Hi Halcyon Musings,
Hiding from myself in friends is exactly right. Or trying to anyway, since I don’t have any friends around. I really never did this before, so I must really be hurting or escaping. In the past, I’d hole up and figure myself out and then usually take a trip somewhere or move somewhere new and find my problems still with me because I was doing something based on what I hoped to get instead of just being inspired from who I was then.
You said you had to give up the hiding from yourself in people who only mirrored your good traits. How did you do that? Did you just take a break from finding a distraction when stuff came up? And do you think you could’ve done the growing with the friends around?
I think social media and especially Facebook, are making things more difficult this time around. It’s very easy for me to get caught up in what others are doing. I over-think everything, which gets me even more into my head with making comparisons. He’s hidden from my Facebook feed, but we have some mutual friends from long ago and he’s always liking what I post or what they post.

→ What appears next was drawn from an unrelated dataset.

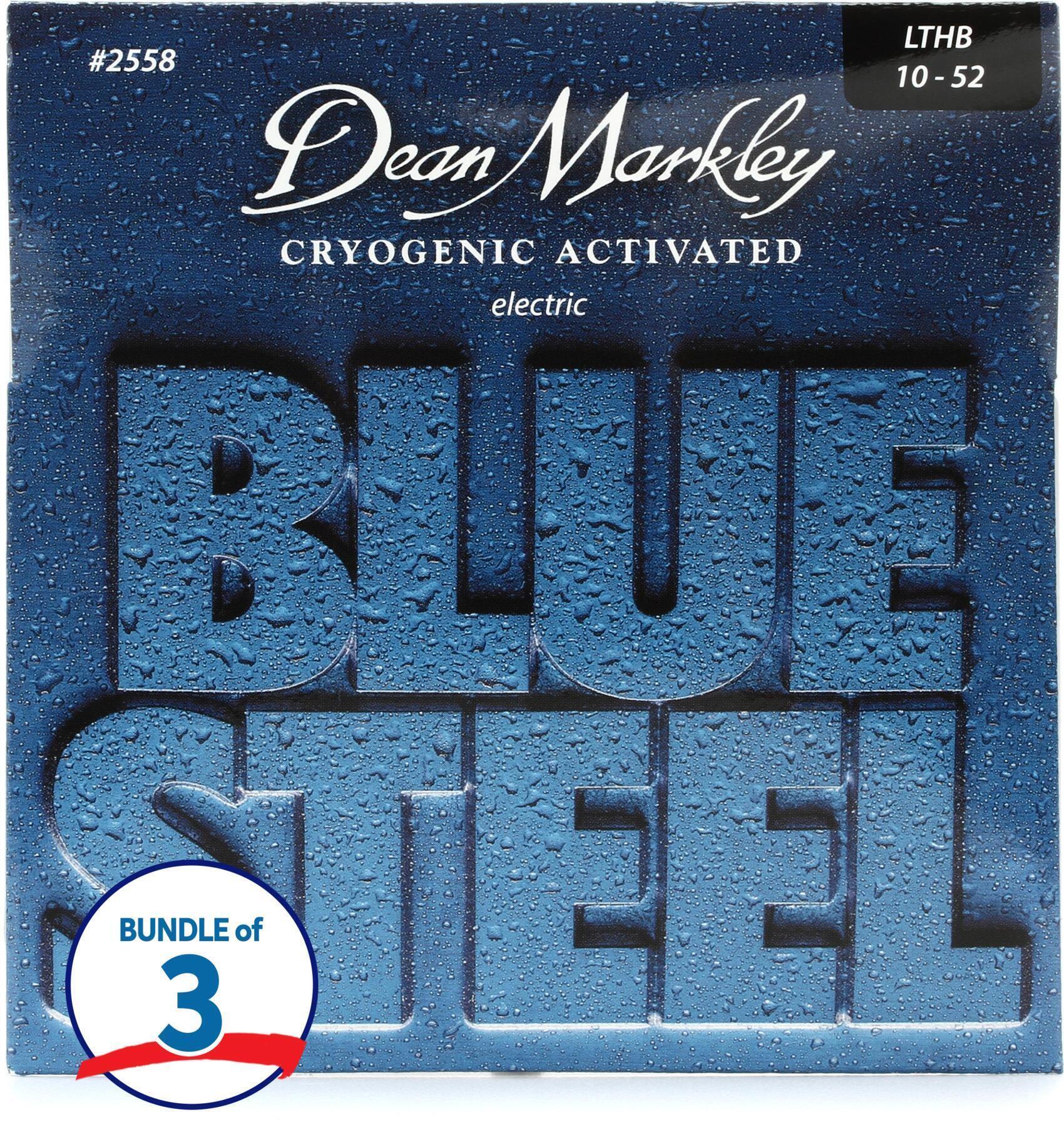 Dean Markley 2558 Blue Steel Electric Guitar Strings .010 .052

I hate to put any energy into the person I’m trying to get over, but I never know what his intentions are which keeps me, as an over-thinker, working full time trying to figure this all out.
I think I just have to let go of all my thoughts, anticipations, anxieties, and control of any sort. Drop it all. Just work on continuously dropping it all. Beginner’s Mind.
Thank you for the kind words of encouragement and for sharing your stories. It all really helps.